From the first line to the last, restate the material word for word; pictures stay out.

◆ **Supplied material**:

┌──

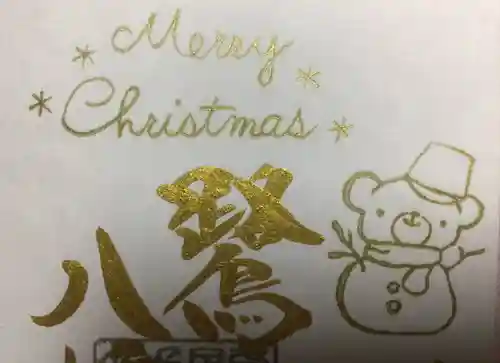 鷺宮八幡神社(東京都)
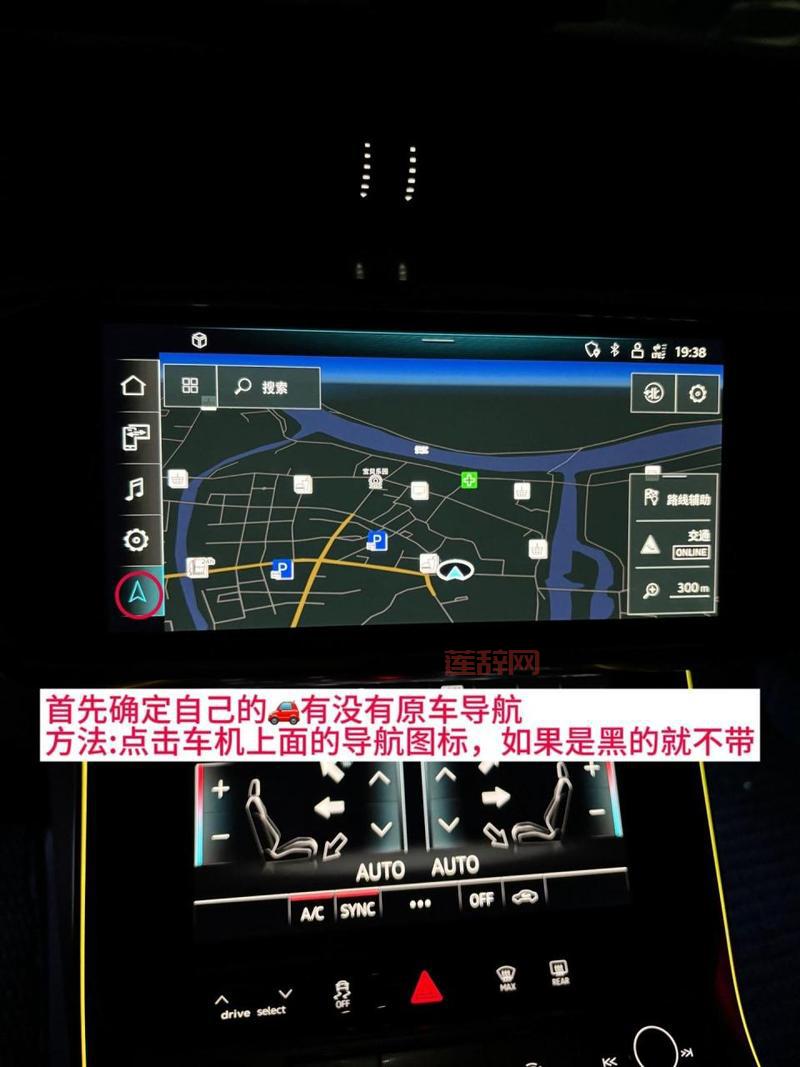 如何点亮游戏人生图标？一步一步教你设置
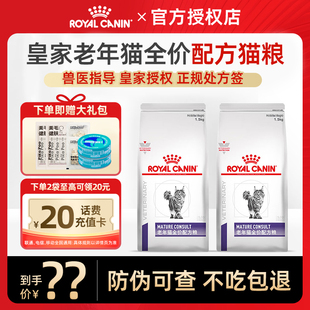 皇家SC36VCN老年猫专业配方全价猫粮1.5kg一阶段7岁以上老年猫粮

└──

◆ **Answer space**:
 鷺宮八幡神社(東京都)
 如何点亮游戏人生图标？一步一步教你设置
 皇家SC36VCN老年猫专业配方全价猫粮1.5kg一阶段7岁以上老年猫粮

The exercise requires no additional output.